## PROBLEM
Print all the data below exactly, without images.

## SUPPLIED DATA
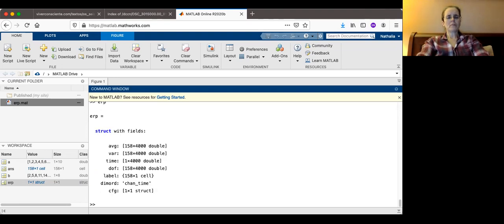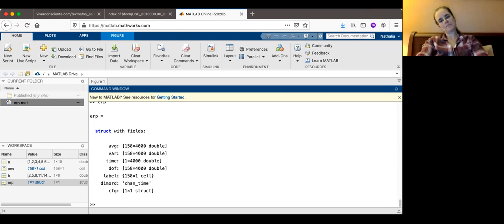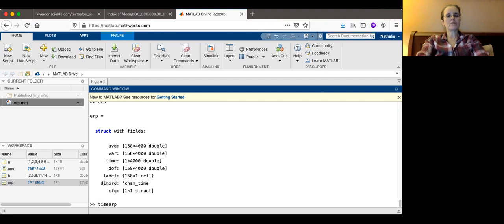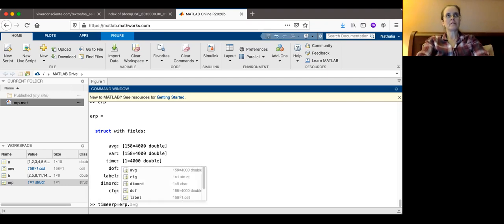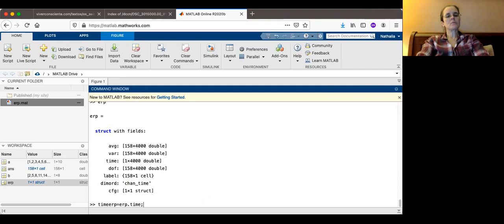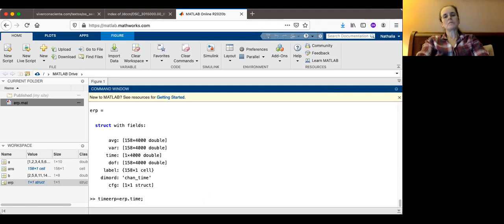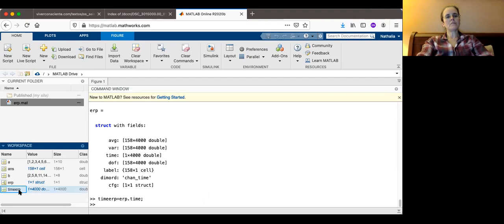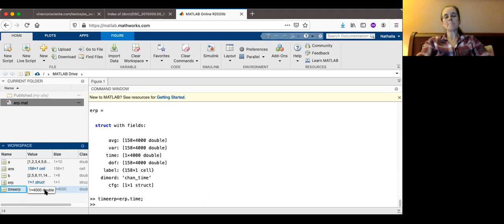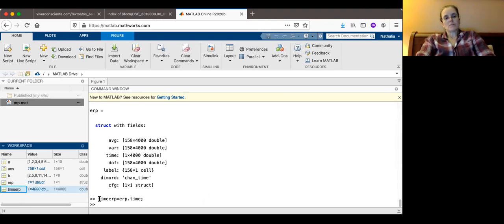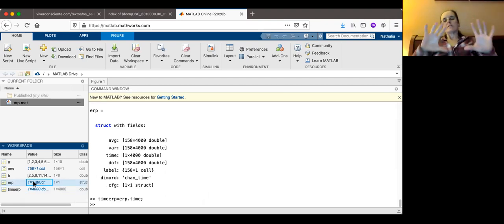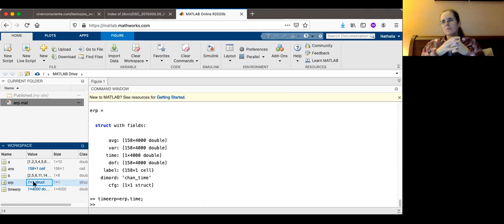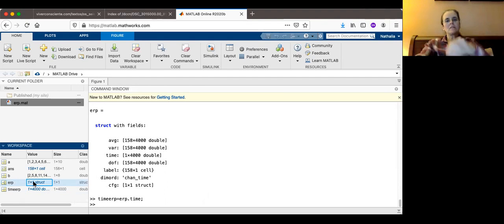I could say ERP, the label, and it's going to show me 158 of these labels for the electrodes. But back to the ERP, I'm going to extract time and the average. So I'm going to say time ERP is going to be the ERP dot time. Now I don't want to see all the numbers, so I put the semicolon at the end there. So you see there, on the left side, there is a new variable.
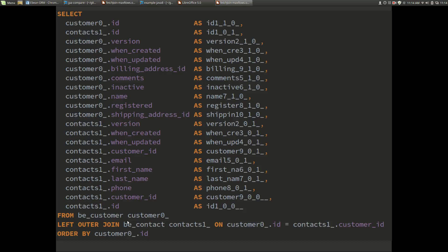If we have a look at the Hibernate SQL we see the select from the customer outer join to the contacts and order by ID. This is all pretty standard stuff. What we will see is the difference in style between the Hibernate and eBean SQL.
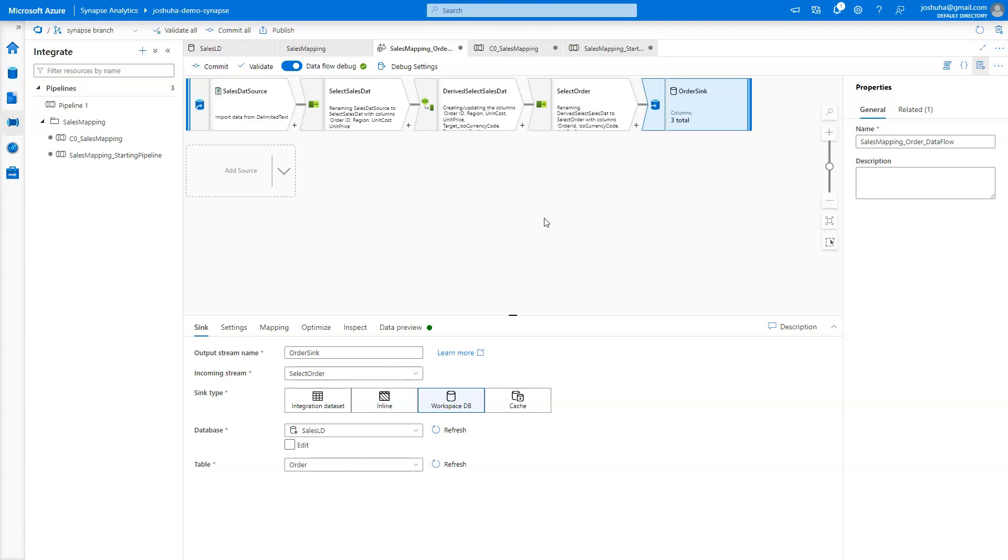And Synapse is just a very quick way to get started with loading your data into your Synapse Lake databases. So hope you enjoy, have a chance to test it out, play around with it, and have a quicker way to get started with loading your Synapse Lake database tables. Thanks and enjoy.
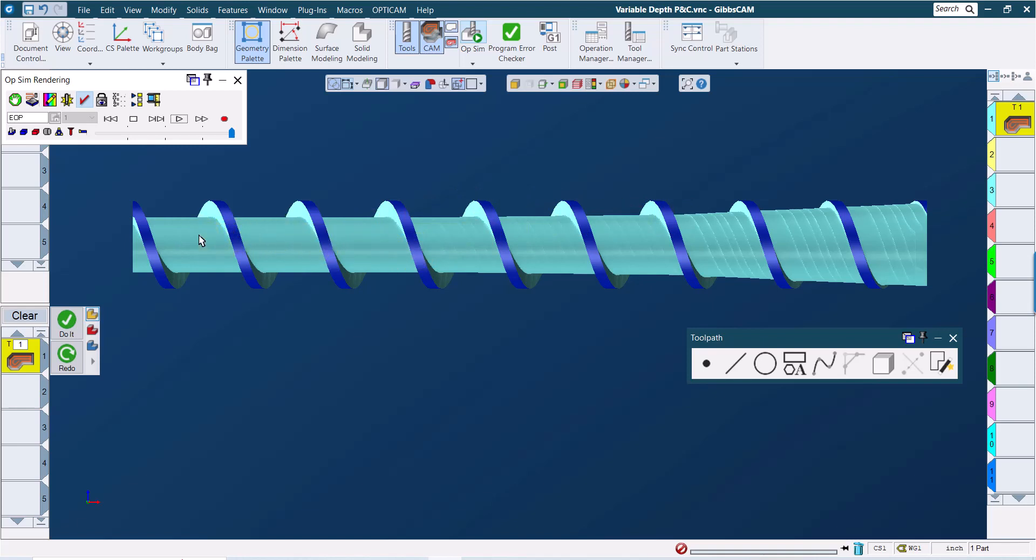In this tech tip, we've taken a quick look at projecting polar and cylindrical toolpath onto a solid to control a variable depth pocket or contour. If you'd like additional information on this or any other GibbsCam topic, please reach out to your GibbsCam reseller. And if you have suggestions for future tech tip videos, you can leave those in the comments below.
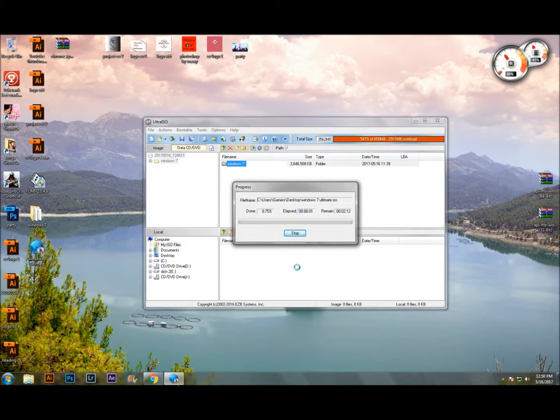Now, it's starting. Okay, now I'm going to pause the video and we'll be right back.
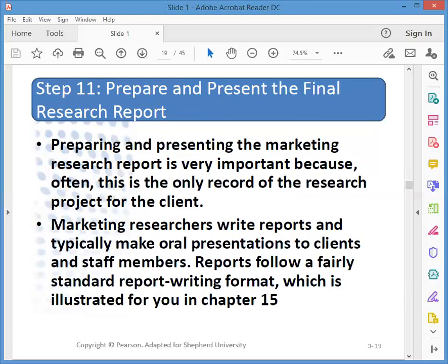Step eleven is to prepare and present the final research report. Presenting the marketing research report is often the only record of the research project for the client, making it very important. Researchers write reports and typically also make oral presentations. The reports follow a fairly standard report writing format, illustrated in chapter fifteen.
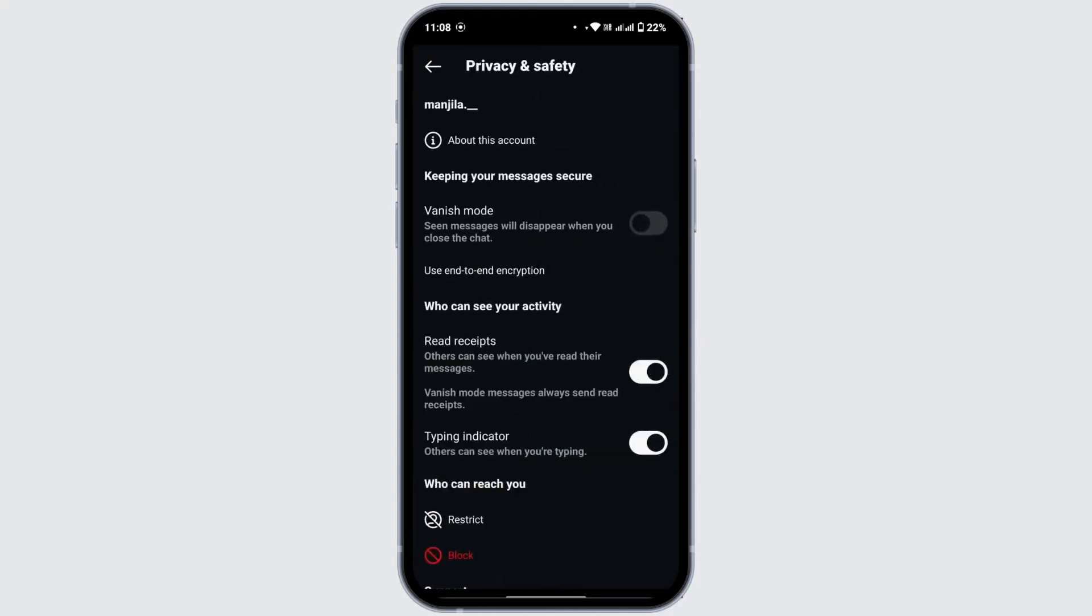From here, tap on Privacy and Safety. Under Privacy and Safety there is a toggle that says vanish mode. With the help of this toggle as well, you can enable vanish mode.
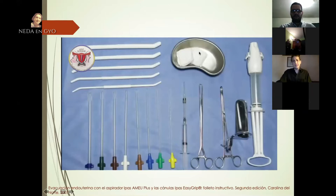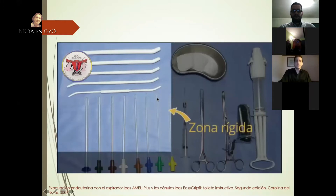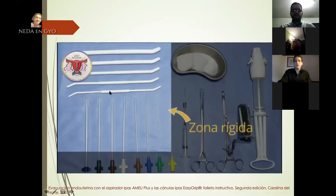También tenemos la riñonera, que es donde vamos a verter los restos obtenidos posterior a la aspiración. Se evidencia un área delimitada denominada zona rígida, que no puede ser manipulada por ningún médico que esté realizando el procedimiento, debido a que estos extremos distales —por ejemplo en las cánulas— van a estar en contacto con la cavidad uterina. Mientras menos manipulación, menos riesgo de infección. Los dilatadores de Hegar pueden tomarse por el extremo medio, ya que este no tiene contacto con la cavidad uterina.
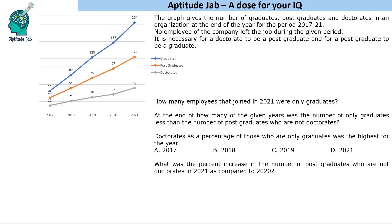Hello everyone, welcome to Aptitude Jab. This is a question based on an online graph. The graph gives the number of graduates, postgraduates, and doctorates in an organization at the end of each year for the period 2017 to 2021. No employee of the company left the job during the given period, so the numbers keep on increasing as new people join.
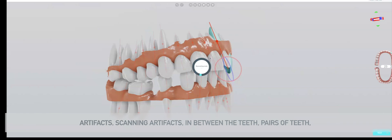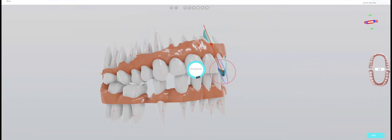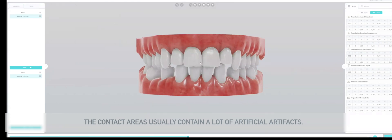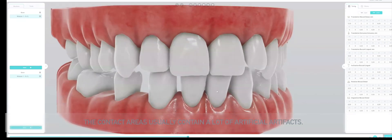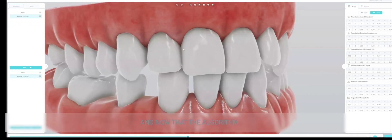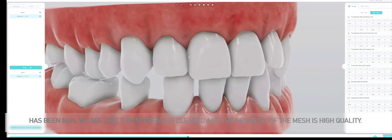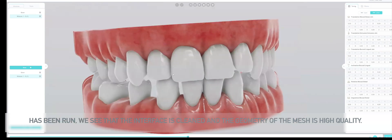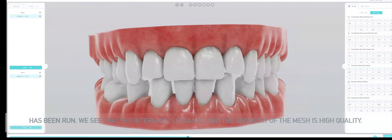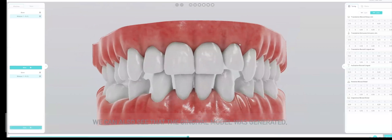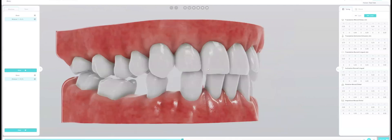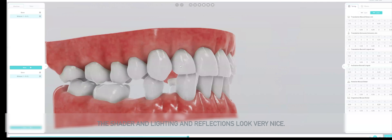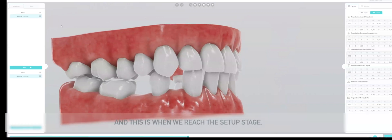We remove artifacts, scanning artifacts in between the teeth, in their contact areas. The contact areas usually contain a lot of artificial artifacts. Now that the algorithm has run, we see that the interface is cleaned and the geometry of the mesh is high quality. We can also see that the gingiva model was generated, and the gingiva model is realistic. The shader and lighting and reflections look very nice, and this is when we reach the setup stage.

## FINAL ANSWER
I could say ERP, the label, and it's going to show me 158 of these labels for the electrodes. But back to the ERP, I'm going to extract time and the average. So I'm going to say time ERP is going to be the ERP dot time. Now I don't want to see all the numbers, so I put the semicolon at the end there. So you see there, on the left side, there is a new variable.
If we have a look at the Hibernate SQL we see the select from the customer outer join to the contacts and order by ID. This is all pretty standard stuff. What we will see is the difference in style between the Hibernate and eBean SQL.
And Synapse is just a very quick way to get started with loading your data into your Synapse Lake databases. So hope you enjoy, have a chance to test it out, play around with it, and have a quicker way to get started with loading your Synapse Lake database tables. Thanks and enjoy.
In this tech tip, we've taken a quick look at projecting polar and cylindrical toolpath onto a solid to control a variable depth pocket or contour. If you'd like additional information on this or any other GibbsCam topic, please reach out to your GibbsCam reseller. And if you have suggestions for future tech tip videos, you can leave those in the comments below.
Now, it's starting. Okay, now I'm going to pause the video and we'll be right back.
Step eleven is to prepare and present the final research report. Presenting the marketing research report is often the only record of the research project for the client, making it very important. Researchers write reports and typically also make oral presentations. The reports follow a fairly standard report writing format, illustrated in chapter fifteen.
From here, tap on Privacy and Safety. Under Privacy and Safety there is a toggle that says vanish mode. With the help of this toggle as well, you can enable vanish mode.
También tenemos la riñonera, que es donde vamos a verter los restos obtenidos posterior a la aspiración. Se evidencia un área delimitada denominada zona rígida, que no puede ser manipulada por ningún médico que esté realizando el procedimiento, debido a que estos extremos distales —por ejemplo en las cánulas— van a estar en contacto con la cavidad uterina. Mientras menos manipulación, menos riesgo de infección. Los dilatadores de Hegar pueden tomarse por el extremo medio, ya que este no tiene contacto con la cavidad uterina.
Hello everyone, welcome to Aptitude Jab. This is a question based on an online graph. The graph gives the number of graduates, postgraduates, and doctorates in an organization at the end of each year for the period 2017 to 2021. No employee of the company left the job during the given period, so the numbers keep on increasing as new people join.
We remove artifacts, scanning artifacts in between the teeth, in their contact areas. The contact areas usually contain a lot of artificial artifacts. Now that the algorithm has run, we see that the interface is cleaned and the geometry of the mesh is high quality. We can also see that the gingiva model was generated, and the gingiva model is realistic. The shader and lighting and reflections look very nice, and this is when we reach the setup stage.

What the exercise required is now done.